- Born: Katherine Snowden Pollard
- Education: Pomona College (BA) University of California, Berkeley (MS, PhD)
- Awards: ISCB Fellow (2020) CZ Biohub Investigator (2017-present)
- Scientific career
- Fields: Evolutionary genomics Functional genomics
- Workplaces: Gladstone Institutes University of California, San Francisco University of California, Davis University of California, Santa Cruz
- Thesis: Computationally intensive statistical methods for analysis of gene expression data (2003)
- Doctoral advisor: Mark van der Laan
- Notable students: Samantha Riesenfeld Tony Capra
- Website: gladstone.org/people/katherine-pollard

= Katherine Pollard =

American biotechnologist

Katherine Snowden Pollard is the Director of the Gladstone Institute of Data Science and Biotechnology and a professor at the University of California, San Francisco (UCSF). She is a Chan Zuckerberg Biohub Investigator. She was awarded Fellowship of the International Society for Computational Biology in 2020 and the American Institute for Medical and Biological Engineering in 2021 for outstanding contributions to computational biology and bioinformatics.

==Education==
Pollard received a B.A. summa cum laude in anthropology and mathematics from Pomona College and an M.S. from the University of California, Berkeley (UC Berkeley). She was awarded a Ph.D. in 2003 from UC Berkeley for research supervised by Mark van der Laan.

==Career and research==
Pollard is a leader in developing statistical models and open-source software for big data, particularly in genomics.

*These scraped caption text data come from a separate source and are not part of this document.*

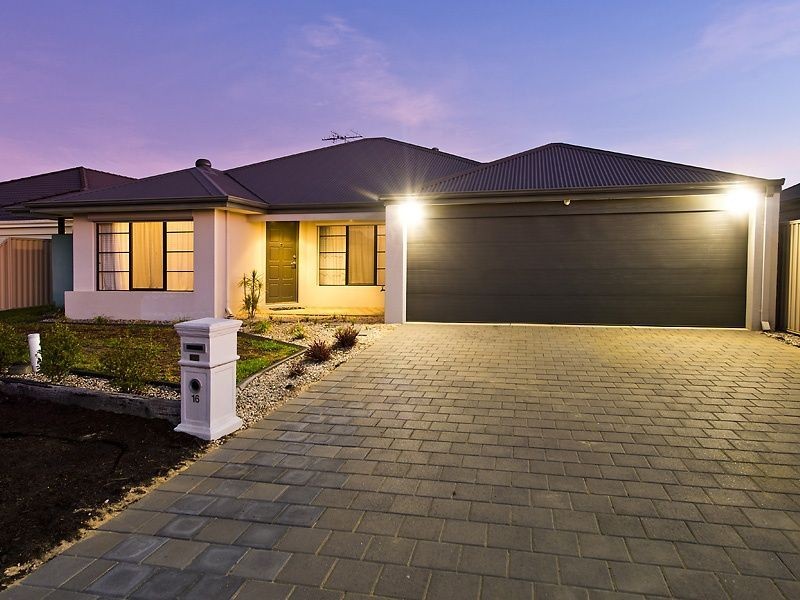 16 Clover Approach, Seville Grove WA 6112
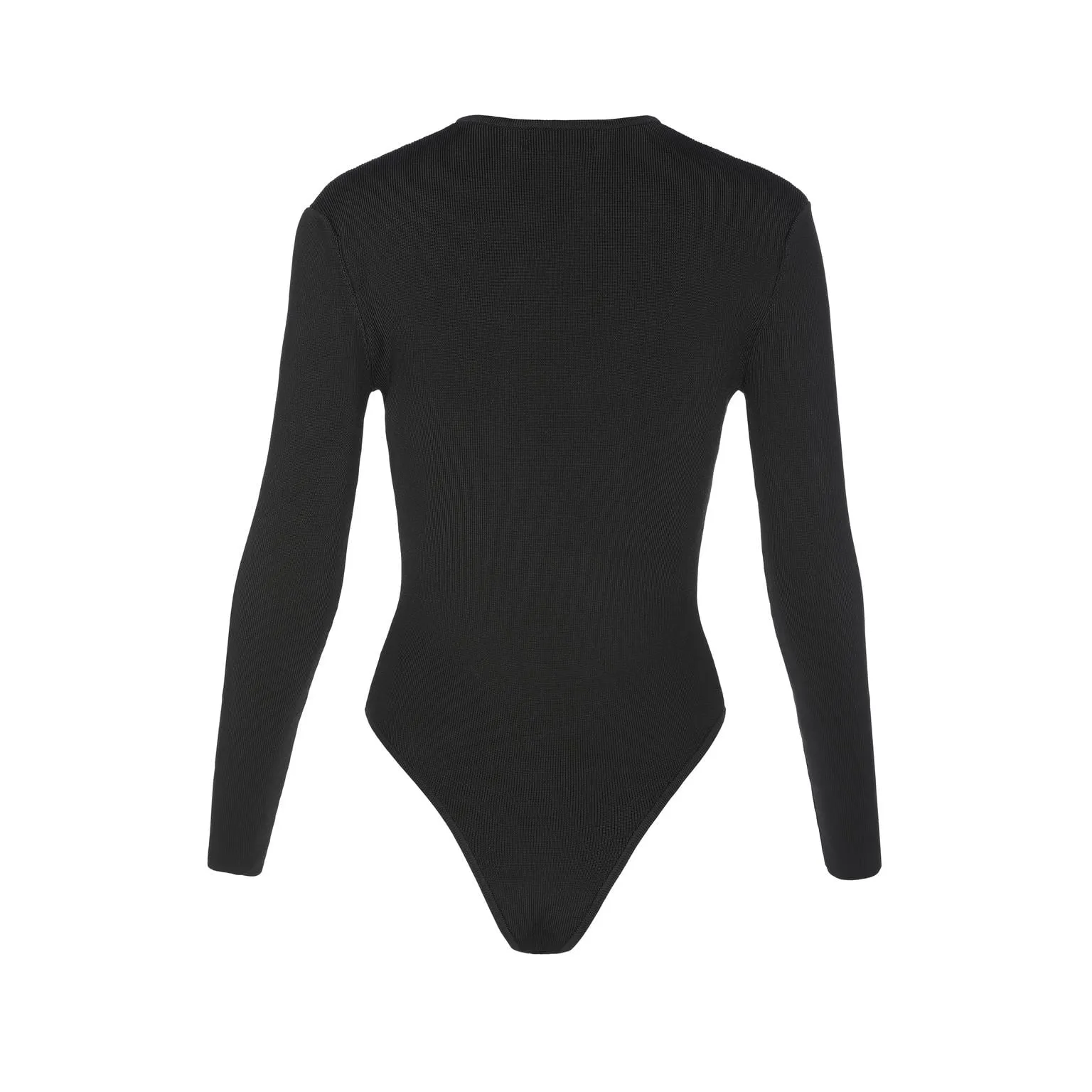 EVA BODYSUIT-BLACK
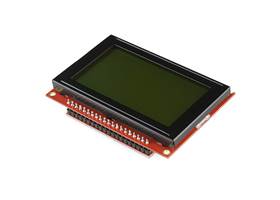 SparkFun Serial Graphic LCD 128x64 (2)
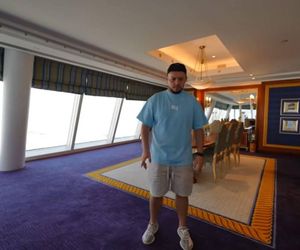 Książulo nocował w najdroższym apartamencie świata. Tak ocenił hotel, w którym zapłacił prawie 20 tys. za noc 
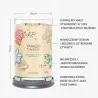 YANKEE CANDLE SUGNATURE TUMBLER Z 2 KNOTAMI CHRISTMAS COOKIE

She and her team pioneered the identification of the fastest-evolving regions of the human genome, known as human accelerated regions (HARs). Pollard has also designed methods to study the human microbiome and other microbial communities, setting the stage for the use of metagenomics in precision medicine.

Before joining UCSF, she held a postdoctoral research position with Sandrine Dudoit at UC Berkeley and worked with David Haussler at UC Santa Cruz.

== Honors and awards ==
- Fellow, American Association for the Advancement of Science. 2023.
- Member, National Academy of Medicine
- Fellow, American Institute for Medical and Biological Engineering. 2021.
- Fellow, International Society for Computational Biology. 2020.
- Gladstone Institutes Mentoring Award. 2019.
- Women Who Lead in the Life Sciences. SF Business Times. 2018.
- 75 Most Influential Alumni, UC Berkeley School of Public Health. 2018.
- Chan Zuckerberg Biohub Investigator. 2017–present.
- Fellow, California Academy of Sciences. 2013–present.
- Breakthrough Biomedical Research Award, UCSF. 2009–2010.
- Sloan Research Fellowship, Alfred P. Sloan Foundation. 2008–2010.
- NIH Postdoctoral Fellowship, NIGMS/NIH NRSA. 2003–2005.
- Evelyn Fix Prize, Chin Long Chiang Biostatistics Student of the Year, UC Berkeley. 2003.
- Valedictorian, High Scholarship Prize, Math Prize, Anthropology Prize, Phi Beta Kappa Award, Pomona College. 1995.
- Sophomore Math Prize, Pomona College. 1993.